Records for the task
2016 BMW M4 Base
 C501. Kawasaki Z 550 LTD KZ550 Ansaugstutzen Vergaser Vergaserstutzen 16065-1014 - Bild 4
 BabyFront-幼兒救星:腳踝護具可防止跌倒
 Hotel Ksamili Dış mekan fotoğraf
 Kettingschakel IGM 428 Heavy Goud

---

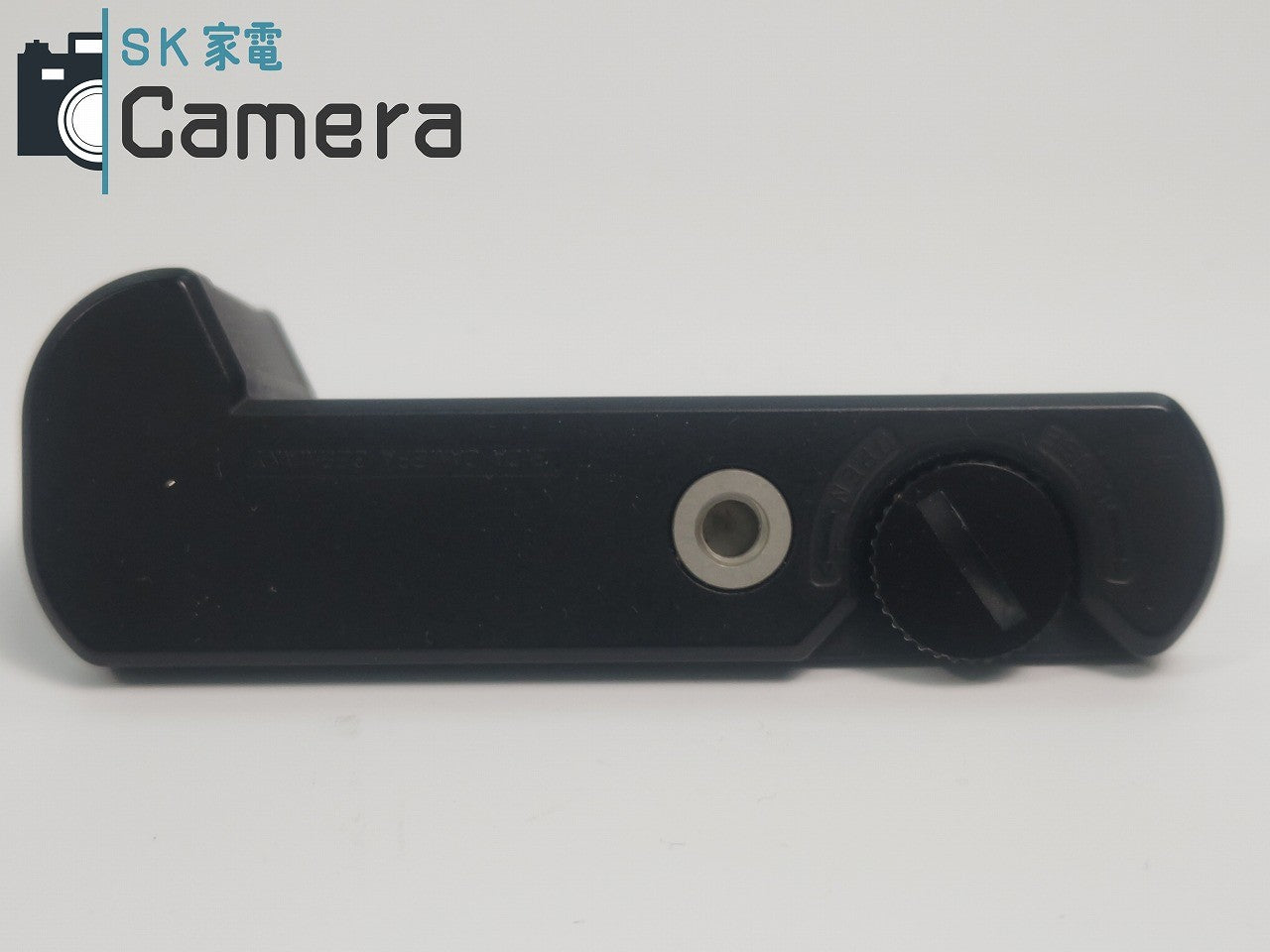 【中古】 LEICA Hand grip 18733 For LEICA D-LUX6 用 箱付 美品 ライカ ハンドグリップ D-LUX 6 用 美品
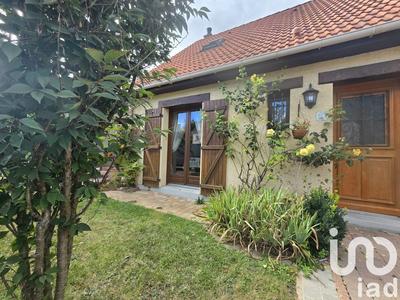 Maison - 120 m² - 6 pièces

--

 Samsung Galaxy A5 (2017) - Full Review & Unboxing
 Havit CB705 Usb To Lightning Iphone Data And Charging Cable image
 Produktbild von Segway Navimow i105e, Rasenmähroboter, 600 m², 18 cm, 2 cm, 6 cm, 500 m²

Aim of the task
What are the lines, exactly as written above, from the line with "2016 BMW M4 Base" to the line with "Kettingschakel IGM 428 Heavy Goud", both included? Output only those.

Response box
2016 BMW M4 Base
 C501. Kawasaki Z 550 LTD KZ550 Ansaugstutzen Vergaser Vergaserstutzen 16065-1014 - Bild 4
 BabyFront-幼兒救星:腳踝護具可防止跌倒
 Hotel Ksamili Dış mekan fotoğraf
 Kettingschakel IGM 428 Heavy Goud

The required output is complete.